The Chief File Clerk, Mr. Sidd Boatridge, was self-important and brusque, as if aware of the low esteem in which he was held by the Bureau of Abstracts. He dismissed Luke’s questions with a stony face of indifference. “I really have no idea, sir. We file, index, and cross-index material into the Information Bank, but concern ourselves very little with outgoing data. My duties in fact are mainly administrative. I’ll call in one of the under-clerks; he can tell you more than I can.”
The under-clerk who answered Boatridge’s summons was a short turnip-faced man with matted red hair. “Take Mr. Grogatch into the outer office,” said the Chief File Clerk testily. “He wants to ask you a few questions.”

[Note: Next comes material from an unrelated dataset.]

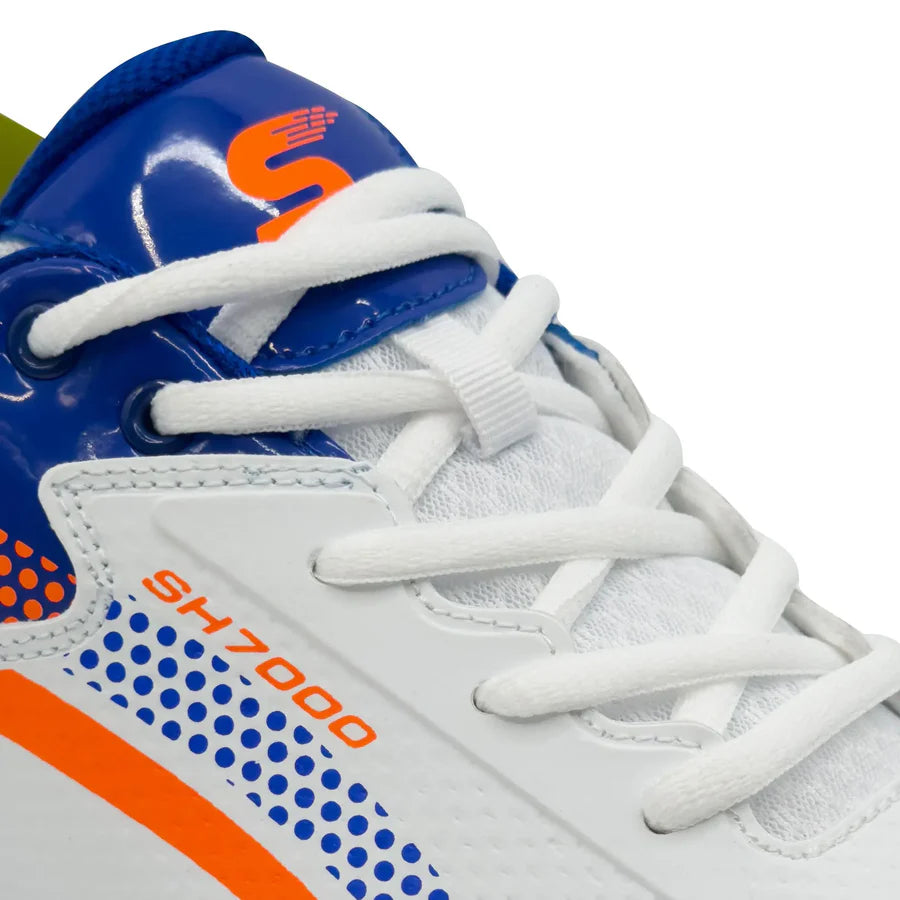 Shine New Edition Cricket Shoes (Orange & Blue)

In the outer office, out of the Chief File Clerk’s hearing, the under-clerk became rather surly and pompous, as if he had divined the level of Luke’s status. He referred to himself as a “line-tender” rather than a “file clerk”, the latter apparently being a classification of lesser prestige. His “line-tending” consisted of sitting beside a panel which glowed and blinked with a thousand orange and green lights. “The orange lights indicate information going down into the Bank,” said the file clerk. “The green lights show where somebody up-level is drawing information out—generally at the Bureau of Abstracts.”
Luke observed the orange and green flickers for a moment. “What information is being transmitted now?”
“Couldn’t say,” the file clerk grunted. “It’s all coded. Down in the old office we had a monitoring machine and never used it. Too much else to do.”
Luke considered. The file clerk showed signs of restiveness. Luke’s mind worked hurriedly. He asked, “So—as I understand it—you file information, but have nothing further to do with it?”
“We file it and code it. Whoever wants information puts a program into the works and the information goes out to him. We never see it, unless we went and looked in the old monitoring machine.”
“Which is still down at your old office?”
The file clerk nodded. “They call it the staging chamber now. Nothing there but input and output pipes, the monitor, and the custodian.”